If we plug in the coordinates $x_A$, $y_A$, $x_B$, $y_B$, into the equation $m=\frac{y_B-y_A}{x_B-x_A}$, we will obtain the slope $m$. In many cases, we can find the slope for a given points by hand, especially for integers. But, if the input values are big real number or number with many decimals, then we should use the slope calculator to get an accurate result.

To find the slope by hand, follow the next steps:

- Insert the coordinates $(x_A,y_A)$ and $(x_B,y_B)$. Let us the formula to calculate the slope of the line passing through the points $(2,5)$ and $(-5, 1)$;
- Subtract the second coordinates and first coordinates, this gives us $y_B-y_A=1-5=-4$ and $x_B-x_A=-5-2=-7$;
- Simplify the fraction to get the slope of $\frac 47$.

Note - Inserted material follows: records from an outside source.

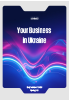 Your Business in Ukraine 2026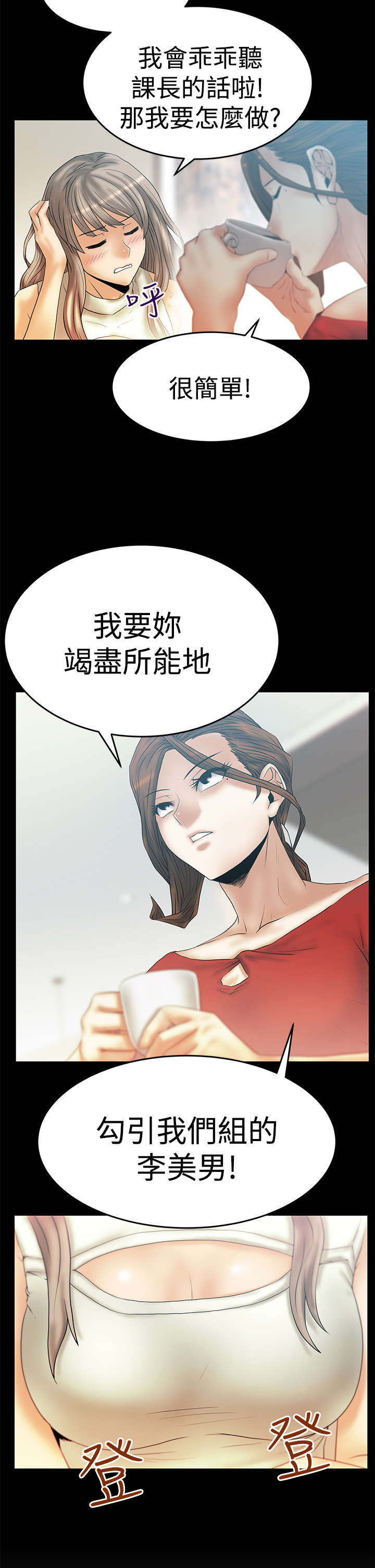 《实习小职员》漫画最新章节第81章：金部长东山再起免费下拉式在线观看章节第【12】张图片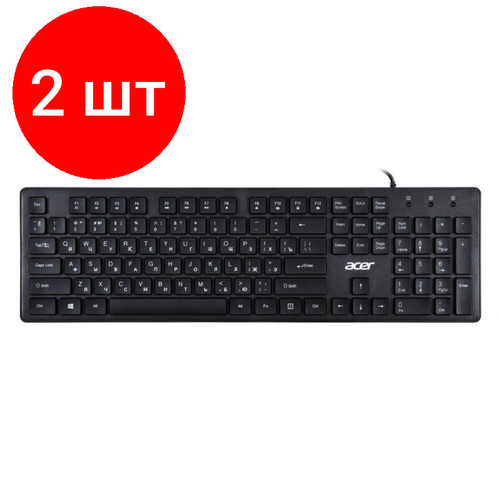 Комплект 2 штук, Клавиатура Acer OKW020, черный клавиатура acer okw020 чёрный zl kbdee 001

The derivative at some point of the curve is the slope of the tangent to the curve at the considering point. Some functions have slopes that may not be the same at every point along the function. Slope tells us the nature of change of function. This nature of change of function is expressed in the sign of the slope. Slopes are very important tool to determine whether two lines perpendicular or not. If the product of slopes of two lines in the plane is $-1$, then the lines are perpendicular and vice-versa. So, the slopes of perpendicular lines are opposite reciprocals.

**Practice Problem 1:**

Find the slope of the line through $(-1,6)$ and $(-10,15)$.

**Practice Problem 2:**

The price to rent a car for $12$ days is $\$158$ while for $19$ days is $\$228$. Write a linear equation that model this situation.

The slope calculator, formula, work with steps and practice problems would be very useful for grade school students (K-12 education) to learn about the concept of line in geometry, how to find the general equation of a line and how to find relation between two lines. Many real-world situations can be modeled by linear equations, so the slope calculator can be of great importance of solving such problems.